**PROBLEM DESCRIPTION**
Output the first line below and each one after it, exactly, up to and including the line holding "夫婦間の信頼関係が崩れた瞬間をWeChatに投稿する方法". Pictures should not be copied.

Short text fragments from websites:
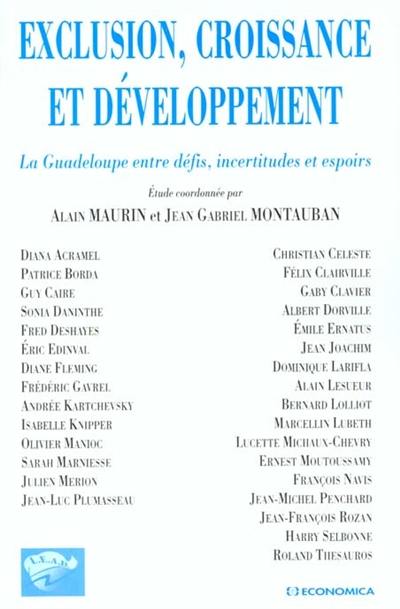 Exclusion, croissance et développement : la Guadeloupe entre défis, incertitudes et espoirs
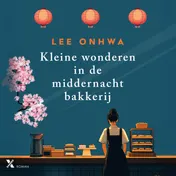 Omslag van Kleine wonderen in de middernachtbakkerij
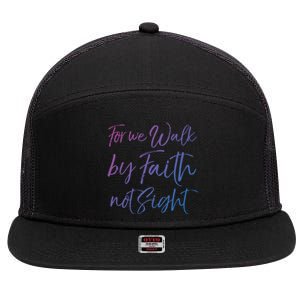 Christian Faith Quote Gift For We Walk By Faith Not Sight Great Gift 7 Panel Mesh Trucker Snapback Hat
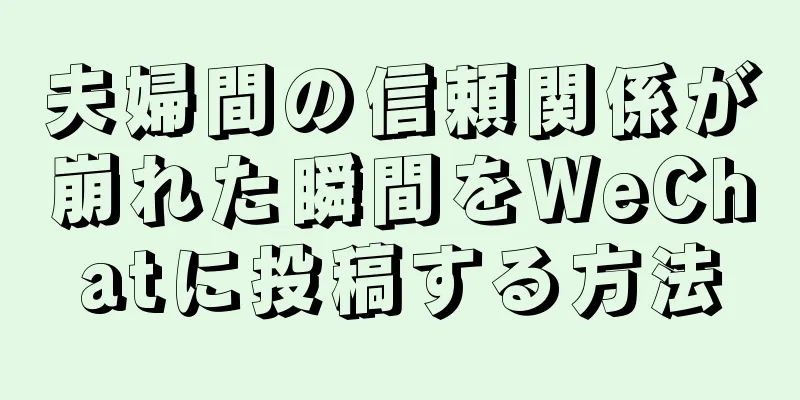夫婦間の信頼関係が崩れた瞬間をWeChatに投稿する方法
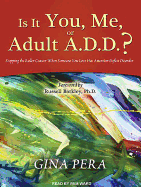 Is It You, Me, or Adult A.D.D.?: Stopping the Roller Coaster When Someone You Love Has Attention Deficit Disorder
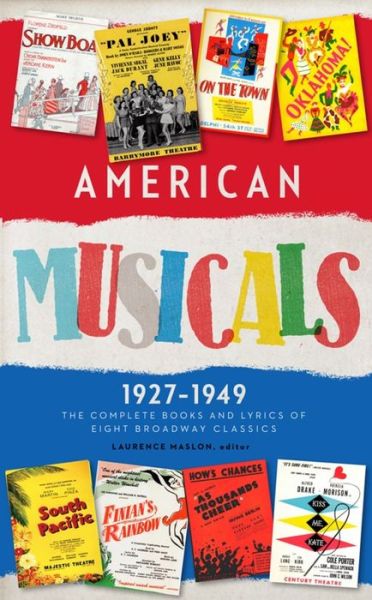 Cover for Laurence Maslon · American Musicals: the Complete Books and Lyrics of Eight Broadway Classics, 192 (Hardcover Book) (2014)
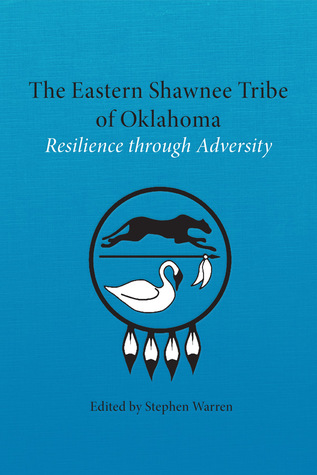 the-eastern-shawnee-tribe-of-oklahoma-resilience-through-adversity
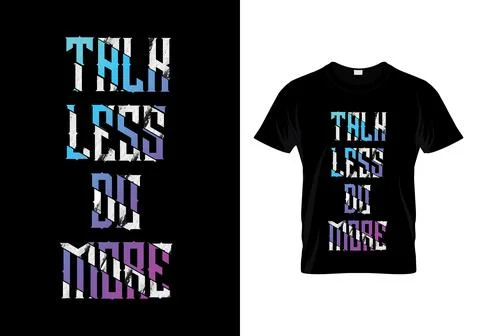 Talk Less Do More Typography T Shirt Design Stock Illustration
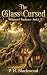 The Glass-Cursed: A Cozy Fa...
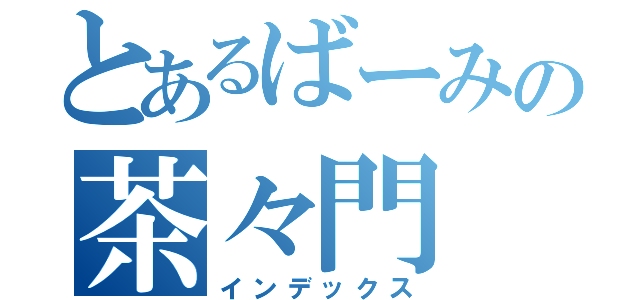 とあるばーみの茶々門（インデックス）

**RESPONSE AREA**
 Exclusion, croissance et développement : la Guadeloupe entre défis, incertitudes et espoirs
 Omslag van Kleine wonderen in de middernachtbakkerij
 Christian Faith Quote Gift For We Walk By Faith Not Sight Great Gift 7 Panel Mesh Trucker Snapback Hat
夫婦間の信頼関係が崩れた瞬間をWeChatに投稿する方法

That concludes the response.